• About this task: Of the entries below, repeat exactly only those lines from the one containing "Cupplement Matcha 90" through the last line, with pictures omitted.

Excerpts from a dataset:
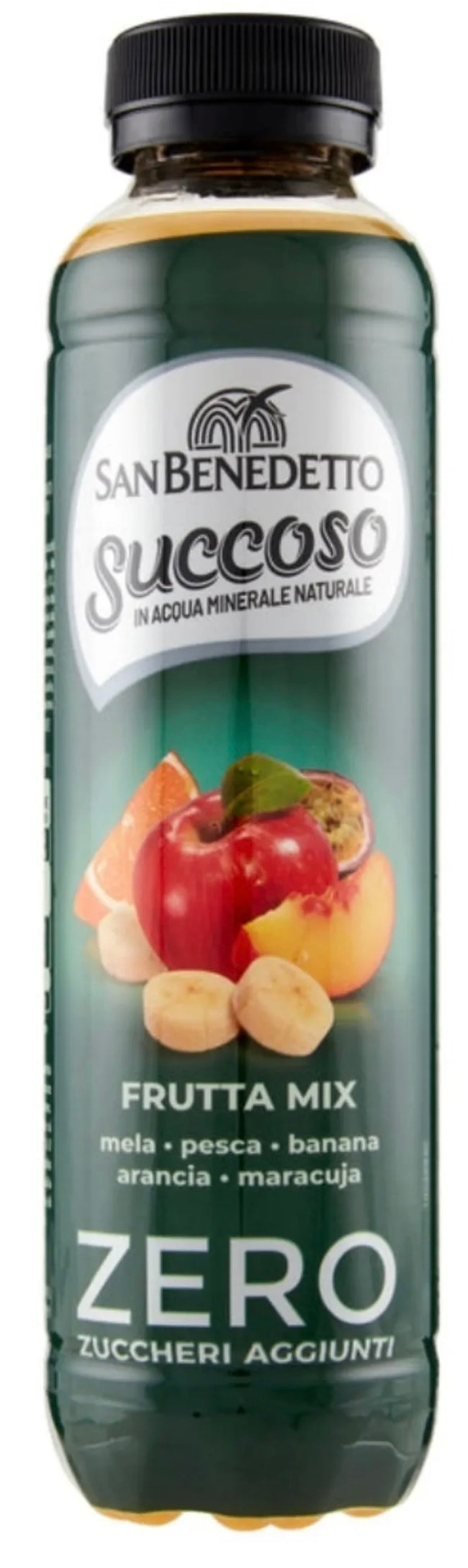 San Benedetto Frutta Mix Succoso Zero Gemischter Fruchtsaft PET 400ml - My Secret 🇮🇹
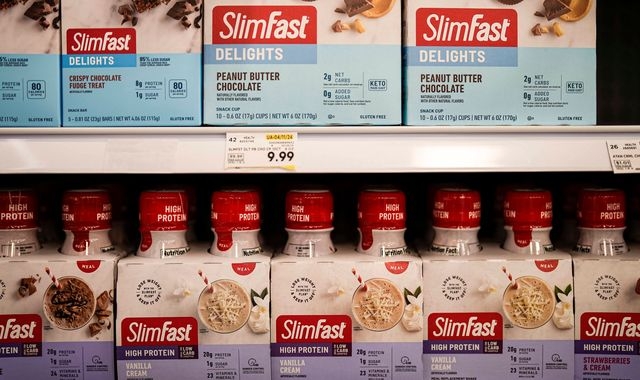 SlimFast owner gets into shape with launch of dieting brand sell-off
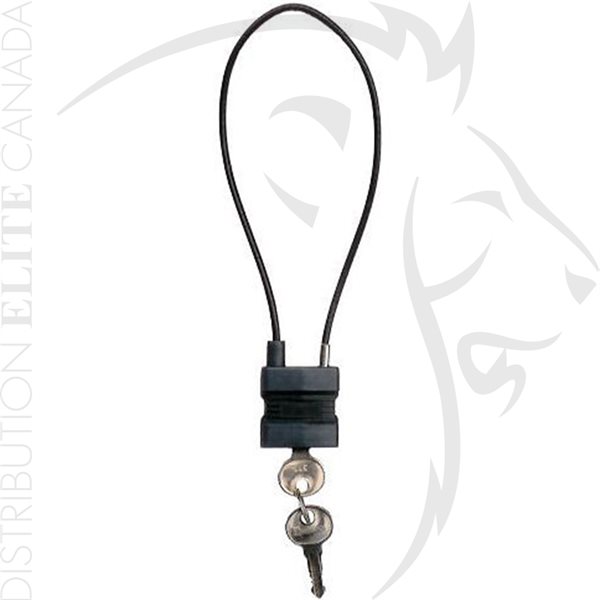 FRANZEN KEYED CABLE LOCK PACKAGED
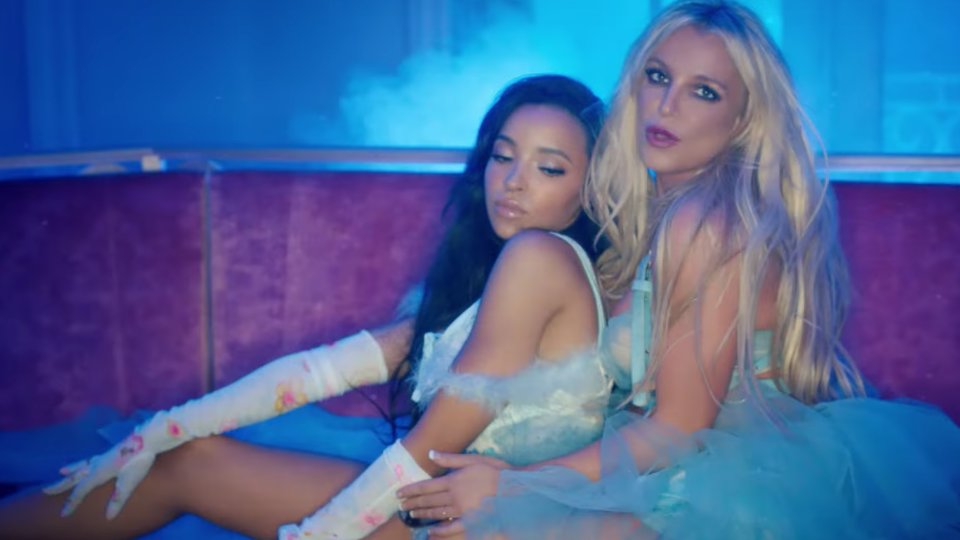 Britney Spears and Tinashe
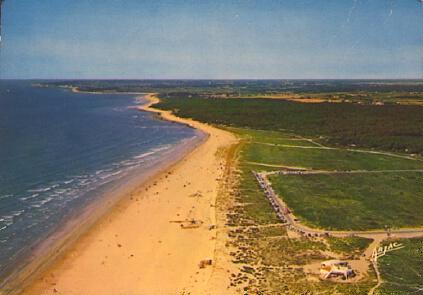 POSTAL 61265: Playa Ile d Oleron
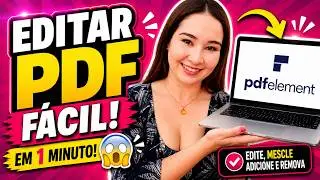 Edite, mescle, adicione, remova  PDF (fa&ccedil;a tudo o que precisar) - PDF Element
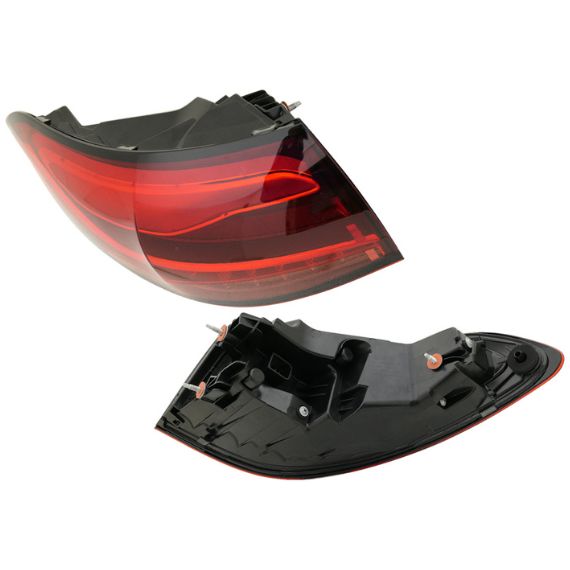 Feu arrière gauche, extérieur, LED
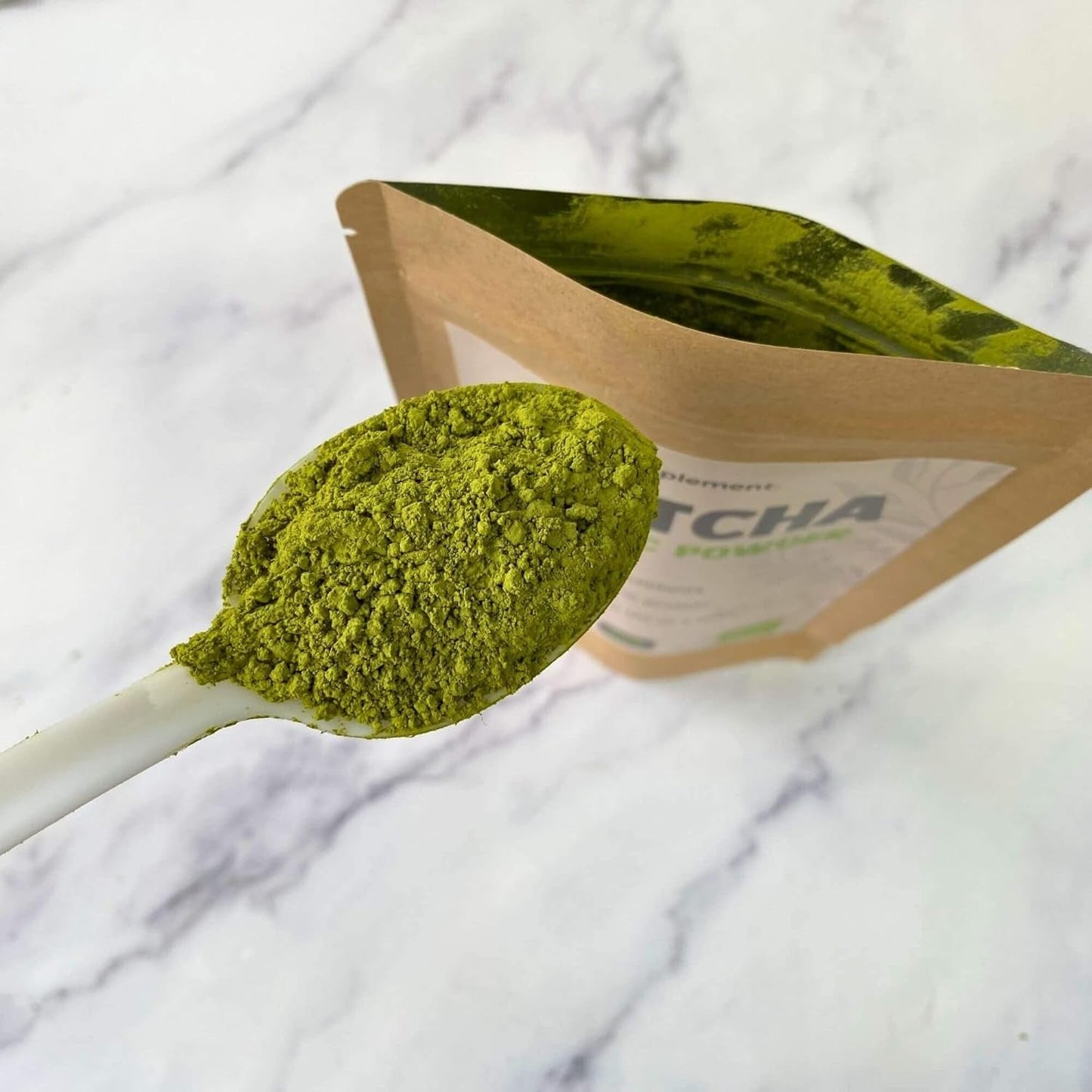 Cupplement Matcha 90 grammi biologico - Tè verde in polvere di altissima qualità - Senza frusta e filo di bambù - Culunary - Set per principianti - Latte - Frusta - Giappone - Polvere - Tè - Filo - Borsa - Frullato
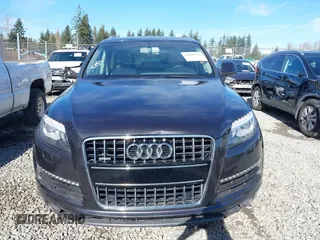 2015 Audi Q7 Premium Plus with VIN WA1LMAFEXFD017765, listed as a IAAI auction lot 41668717 with 134,180 mi miles and . Bid and sale history available at DreamBid. Image 12.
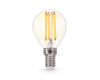 Филаментная светодиодная лампа Ambrella Light Bulbing E14 15W 4000K шар 451534
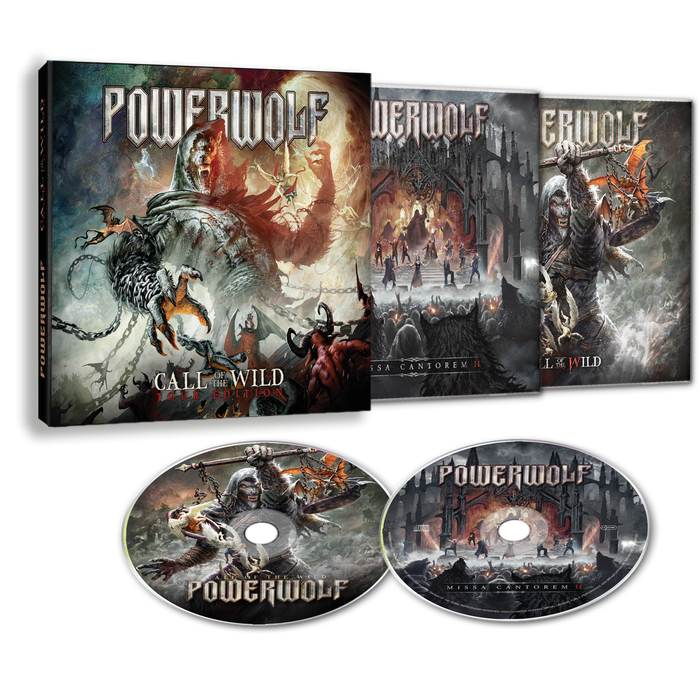 Powerwolf "Call Of The Wild: Tour Edition " CD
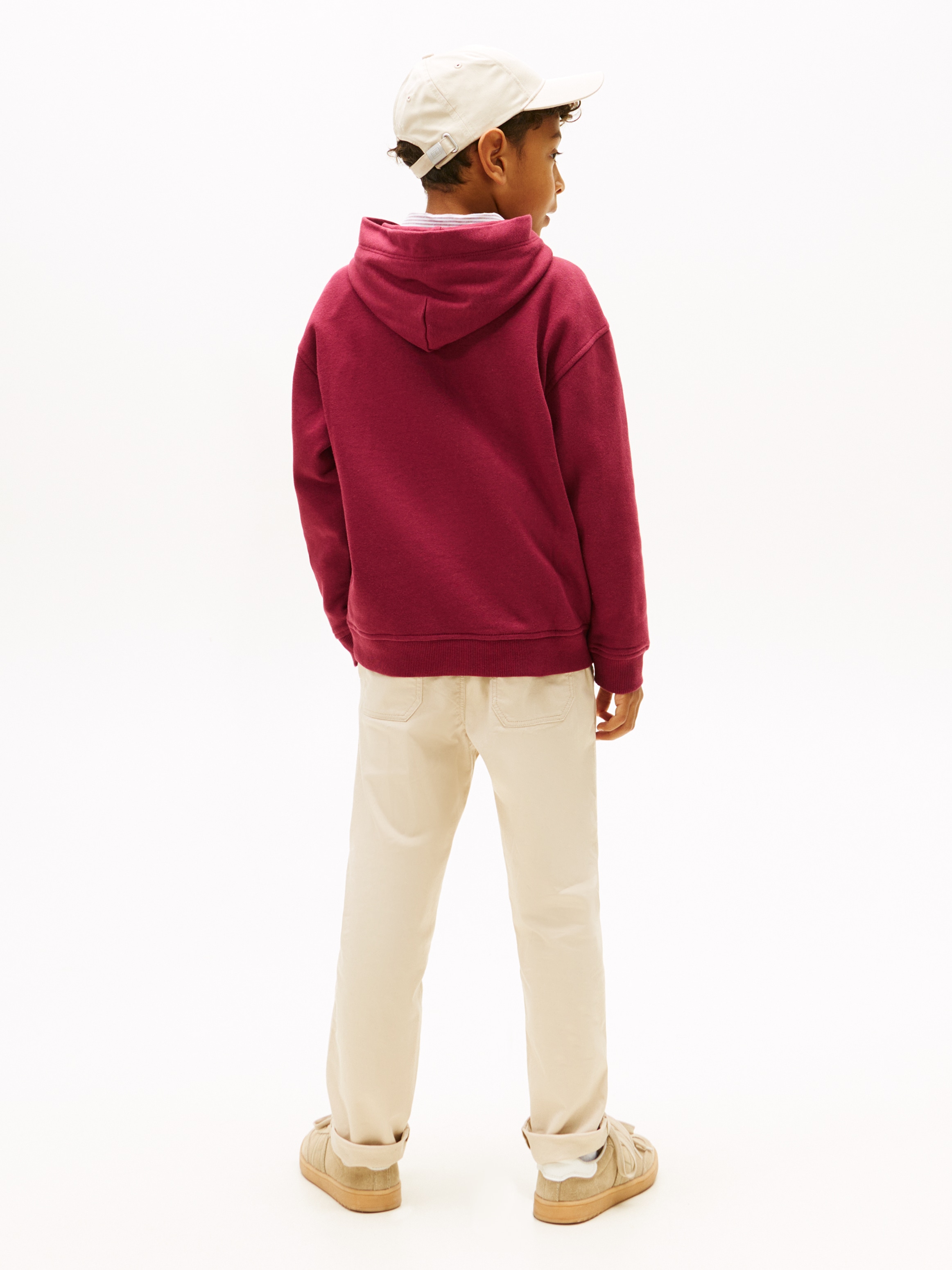 Tommy Hilfiger Kapuzensweatshirt , Regular fit, für Kinder bis 16 Jahre
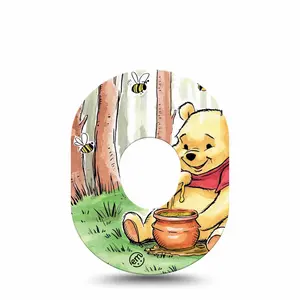 Winnie the Pooh Dexcom G7 and Stelo Tape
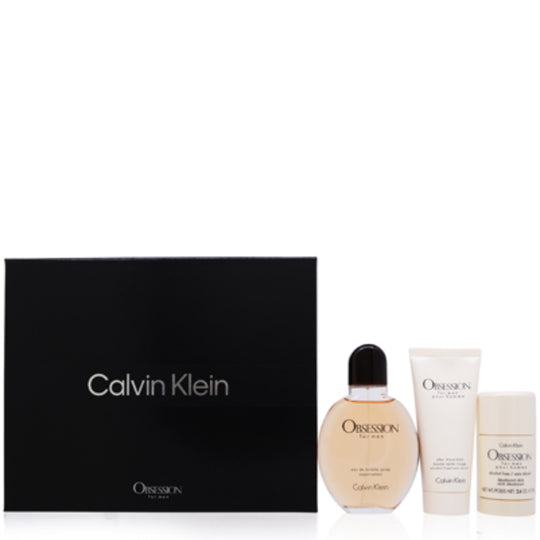 Calvin Klein Obsession Men 3 Pc. Set For Men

• Result below:
 Cupplement Matcha 90 grammi biologico - Tè verde in polvere di altissima qualità - Senza frusta e filo di bambù - Culunary - Set per principianti - Latte - Frusta - Giappone - Polvere - Tè - Filo - Borsa - Frullato
 2015 Audi Q7 Premium Plus with VIN WA1LMAFEXFD017765, listed as a IAAI auction lot 41668717 with 134,180 mi miles and . Bid and sale history available at DreamBid. Image 12.
 Филаментная светодиодная лампа Ambrella Light Bulbing E14 15W 4000K шар 451534
 Powerwolf "Call Of The Wild: Tour Edition " CD
 Tommy Hilfiger Kapuzensweatshirt , Regular fit, für Kinder bis 16 Jahre
 Winnie the Pooh Dexcom G7 and Stelo Tape
 Calvin Klein Obsession Men 3 Pc. Set For Men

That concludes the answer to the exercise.